I’d like to say I saw it all coming. I’d like to sit here and tell you that four years ago, when I could barely get out of bed the day after John Kerry’s electoral defeat to George W. Bush to face my jubilant class of conservative college freshmen, that on January 20, 2009 I would be feeling more optimistic about my country than I have in my entire life, and that I knew that we would elect a President who seems genuinely interested in governing, genuinely interested in moving the country forward. But I really didn’t see this coming, and in many ways, that’s what’s so astounding.
Oh, sure. I knew who Barack Obama was. I, like most Americans, didn’t get to see him give his speech broadcast live from the Democratic National Committee in 2004, but I heard about it the next day. I was sitting in my office at the University of South Carolina when I was asked if I heard “the speech.” I was told this Barack Obama said some good things and that he might be the future of the Democratic Party. Naturally, I went back and watched the speech online, read the text, and made a mental note to watch him once he got to the Senate.

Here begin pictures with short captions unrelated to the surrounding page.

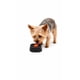 thumbnail image 1 of Dispensador Alimento Perros Plato Anti Ansiedad Mascota, 1 of 13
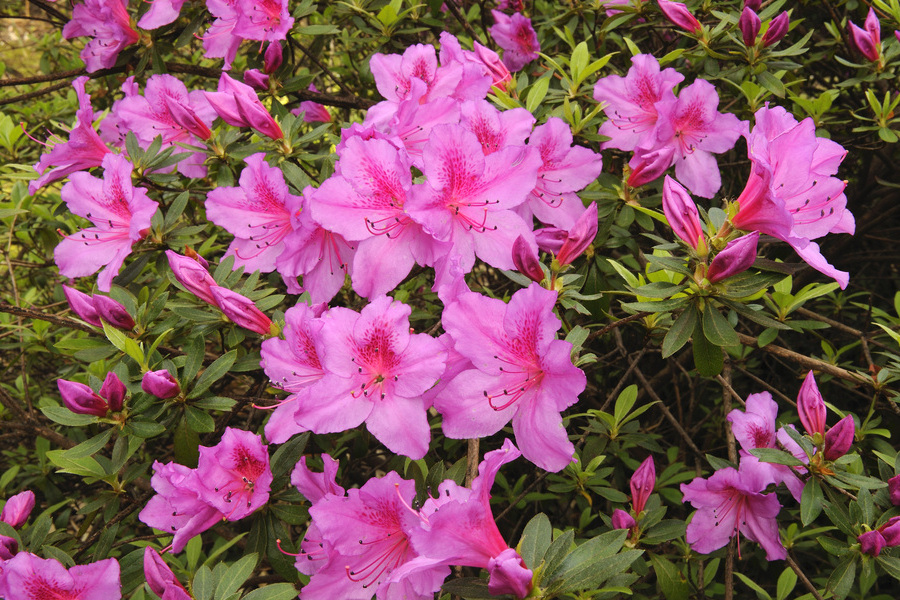 Bambouseraie en Cévennes : immersion dans un jardin botanique unique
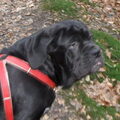 Mastino Napoletano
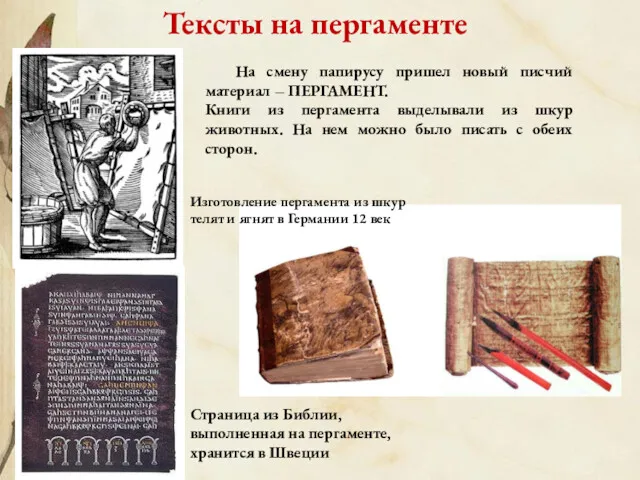 Тексты на пергаменте Страница из Библии, выполненная на пергаменте, хранится в Швеции Изготовление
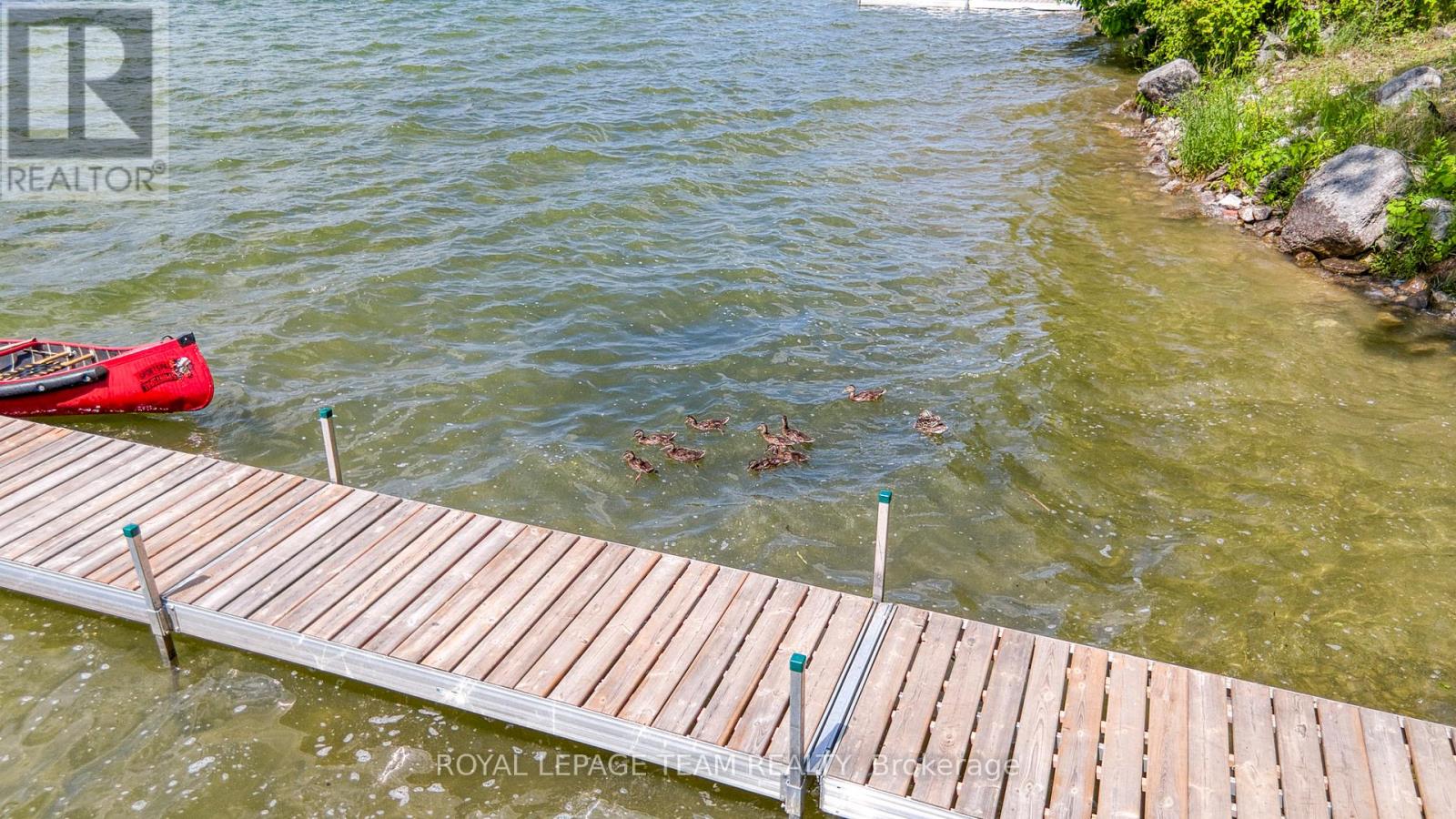 199 Maple Grove Lane, North Algona Wilberforce, Ontario  K0J 1T0 - Photo 4 - X12568600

Following the 2006 mid-term elections, the prospective presidential candidate chatter started, and Barack Obama’s name was consistently mentioned, and eventually, he announced his candidacy. Initially, I wasn’t sure how seriously to take his candidacy. I admit it. I wondered if he was experienced enough. I wondered if he would be able to contend against the 2004 vice presidential candidate, John Edwards, or the early front-runner, Hillary Clinton. But I kept watching, and over the course of the campaign I learned what hope is. And that’s what today is about.
Today is a cathartic moment for myself and millions of other Americans. The impotence I felt in the 2004 defeat and my hesitation early in the Democratic primary season were washed away in small moments of ownership: making phone calls, knocking on doors, and visiting polling locations. Barack Obama’s campaign was about taking our future in our own hands and understanding that when we work hard and work together, we can move things forward, we can impact our communities, and we can impact our country. For the last eight years we’ve had leaders whose leadership styles have been inherently paradoxical, demanding a blinding trust of their capabilities and decisions without ever accepting responsibility for what their decisions or actions might have wrought. The oft-panned line from President Bush’s farewell address on Jan. 15 is “You may not agree with some of the tough decisions I have made, but I hope you can agree that I was willing to make the tough decision.” Apart from the ridiculous redundancy of that statement is its inherent inaccuracy: he blustered about leadership without ever accepting responsibility.
Barack Obama brings us leadership and responsibility today. He has not asked for a willful submission to his every decision. His campaign was entirely about incorporating citizen activism into the election process, and his organizational decisions since then have indicated that he intends to have an active citizenry as part of his governing process. At the same time, he is accepting responsibility. While asking for our faith, he does not demand our obedience. Instead of rushing to conclusions and prematurely claiming success, he is asking for our patience. And this all makes me hopeful.
Hope is believing and, at times, demanding that the government works for all of us. Hope is the belief that an active citizenry can impact our government. Hope is understanding that neither a majority or minority owns a monopoly on our government. Hope is knowing that we do not need to sit idly by as our elected officials ignore each other in their own interests or ignore the rule of law in the interests of consolidating power. Hope is feeling the power within ourselves to transform our communities. Hope is believing we will finally work productively toward solving the problems of health care, climate change, alternative energy, and poverty. Hope lives today, for all of us.